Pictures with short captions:

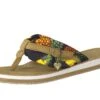 Tamaris 27109 Black Pineapple Print Flat Toe Post Flip Flops Sandals -Fashion Shoe Store tamaris 27109 black pineapple print flat toe post flip flops sandals 57066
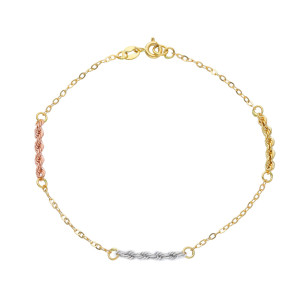 Bracciale a maglia ultraleggera Dolce Vita Gioielli Valenza Mazzoni in Oro Giallo, Rosa e Bianco (gr. 1,20)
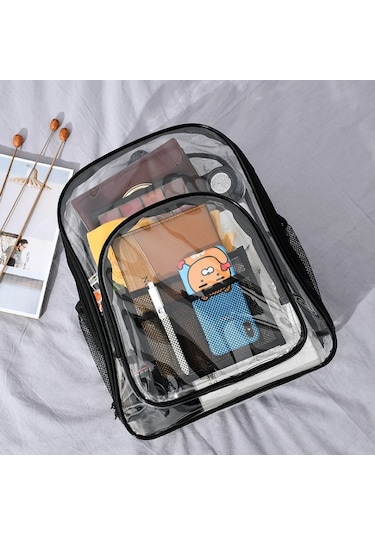 Şeker Rengi PVC Şeffaf Su Geçirmez Öğrenci Okul Çantası - Siyah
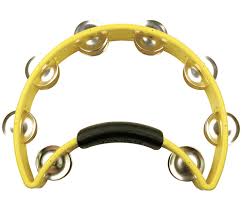 RT1050 Half Moon Tambourine (yellow, nickel jingles) . Rhythm Tech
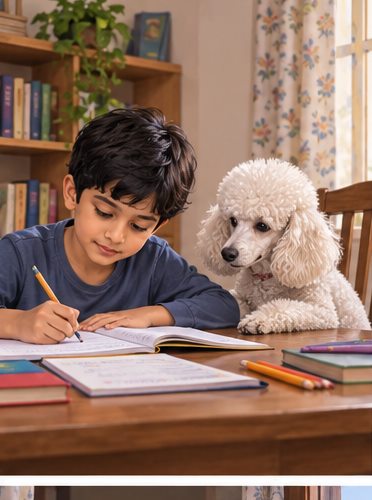 Illustration of people spending time with a Miniature Poodle at home or outdoors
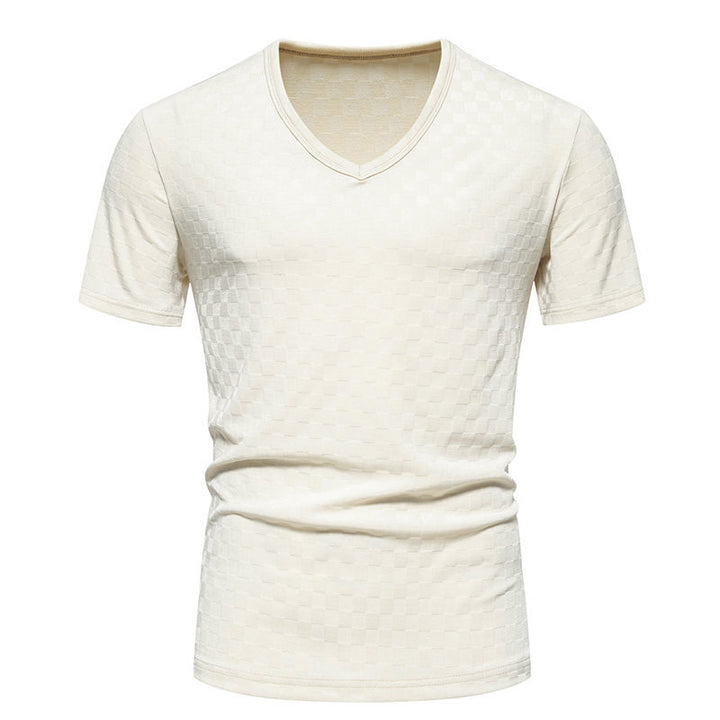 Herren V-Ausschnitt T-Shirt mit strukturiertem Muster Aliams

Task prompt: Copy each line of the records precisely and drop any images they hold.

Output of the exercise:
 Tamaris 27109 Black Pineapple Print Flat Toe Post Flip Flops Sandals -Fashion Shoe Store tamaris 27109 black pineapple print flat toe post flip flops sandals 57066
 Bracciale a maglia ultraleggera Dolce Vita Gioielli Valenza Mazzoni in Oro Giallo, Rosa e Bianco (gr. 1,20)
 Şeker Rengi PVC Şeffaf Su Geçirmez Öğrenci Okul Çantası - Siyah
 RT1050 Half Moon Tambourine (yellow, nickel jingles) . Rhythm Tech
 Illustration of people spending time with a Miniature Poodle at home or outdoors
 Herren V-Ausschnitt T-Shirt mit strukturiertem Muster Aliams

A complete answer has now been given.